The Job Openings and Labor Turnover (JOLT) report for April was released by the Bureau of Labor Statistics this week. Its data on construction employment shows continued churning in that segment of the construction job market although the overall trend is for job growth.
There is also a recent blog post on the JOLT report for the job market segment which includes multifamily employment. It can be found here.
Construction is different
The first chart shows the turn over in the construction job market. Since the monthly data is volatile, it looks at the averages of the figures reported for the past three months.
The striking thing about this chart is the relationship between job openings and hires. In most occupations, the total number of hires in a month are less than the number of job openings remaining at the end of the month.
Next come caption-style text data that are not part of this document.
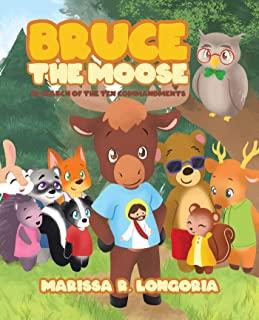 Bruce the Moose: In Search of the Ten Commandments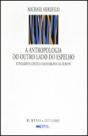A Antropologia do Outro Lado do Espelho - Preview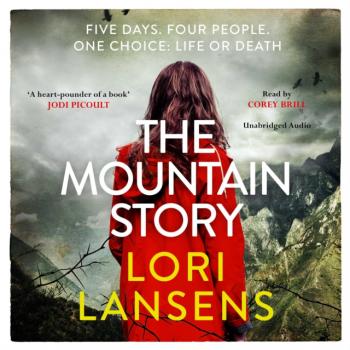 Mountain Story - Lori Lansens 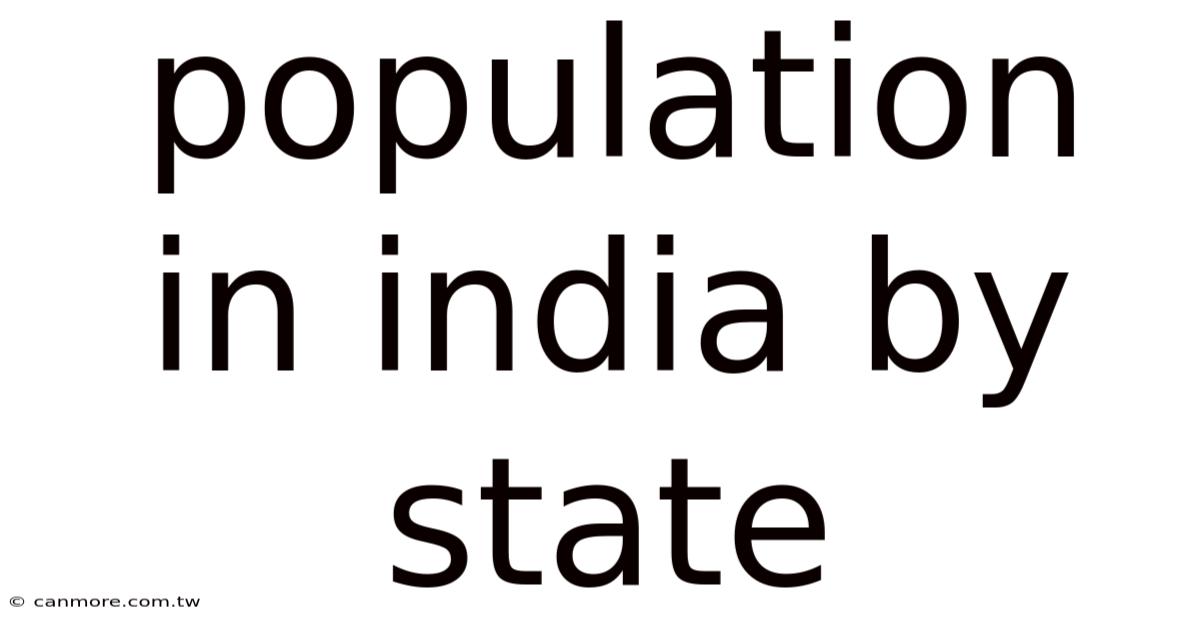 Population In India By State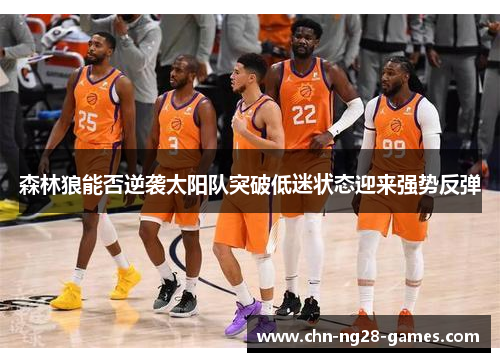 森林狼能否逆袭太阳队突破低迷状态迎来强势反弹 森林狼能否逆袭太阳队突破低迷状态迎来强势反弹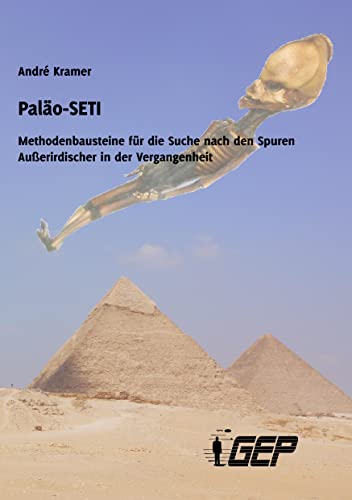 Beispielbild fr Palo-SETI: Methodenbausteine fr die Suche nach den Spuren Auerirdischer in der Vergangenheit zum Verkauf von medimops
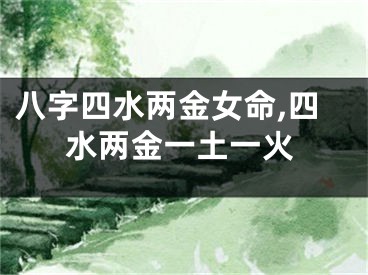 八字四水两金女命,四水两金一土一火
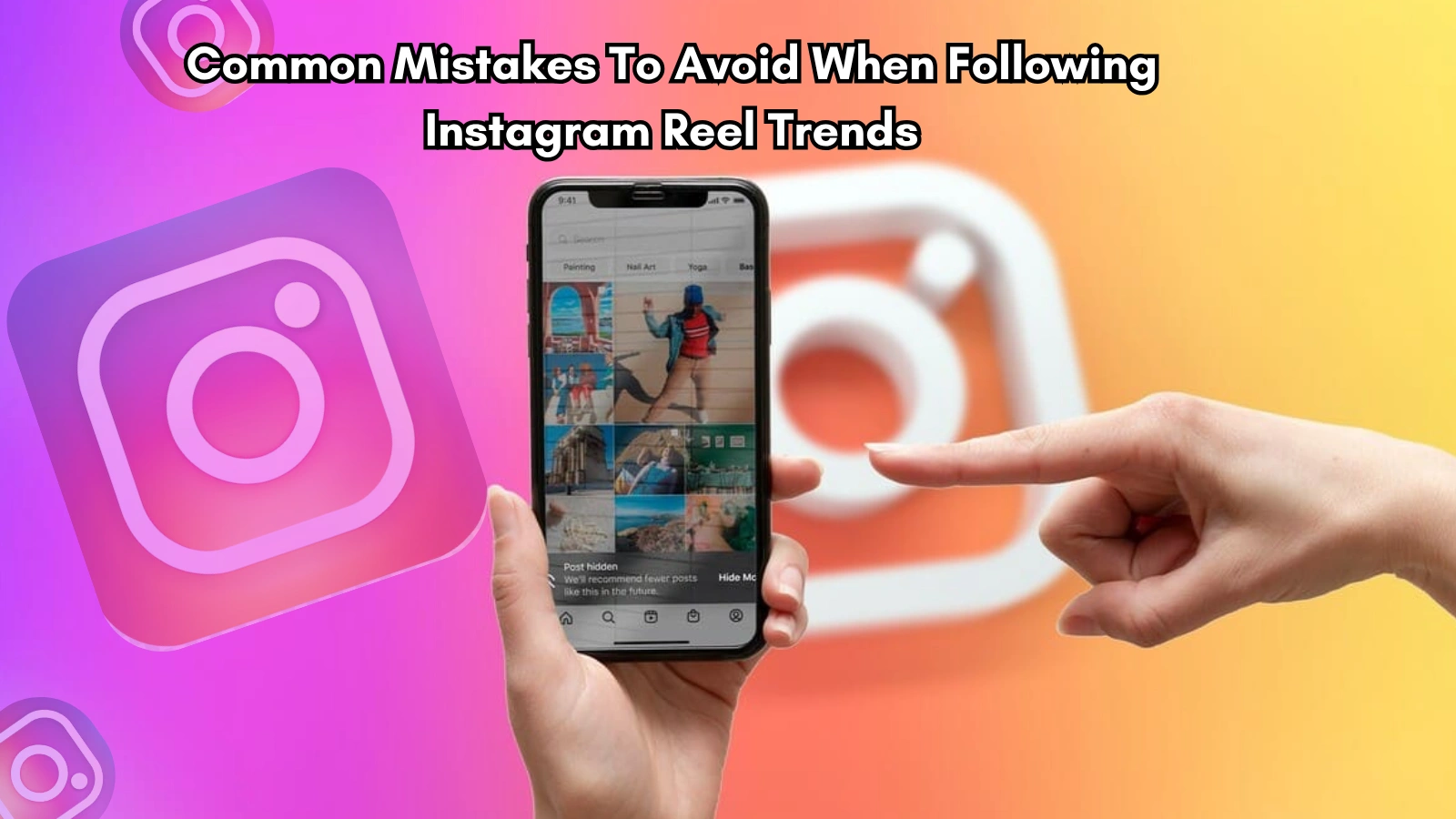 Common Mistakes To Avoid When Following Instagram Reel Trends Common-Mistakes-To-Avoid-When-Following-Instagram-Reel-Trends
Not so for construction where the number of hires is significantly higher than the month-end job openings. This indicates that construction workers are taken on relatively quickly compared to workers in other occupations.
Another difference in the construction labor market highlighted by this chart is the higher level of worker separations compared to other occupations. More on that in the next chart.
The second chart, below, shows the reasons for job separations in the construction industry compared to the reasons for all private sector employment. The striking thing about this chart is how layoffs and involuntary terminations drive job separations in construction. The business model in the industry seems to be to bring in people to work on a specific project and to let them go when the project is over. Since lots of hiring is going on all of the time, workers have an opportunity to catch on at some other project when they are let go.
The last chart shows the month by month reports on construction job openings, hires and separations. It also shows a calculation of job growth, which is just hires minus separations. It shows that, despite the churn in the construction job market, the overall number of construction jobs has been on a growth trend. In fact, another report from the BLS indicated that overall construction employment is up 4.1 percent since May, 2017 and residential construction employment is up 5.9 percent over the same time frame.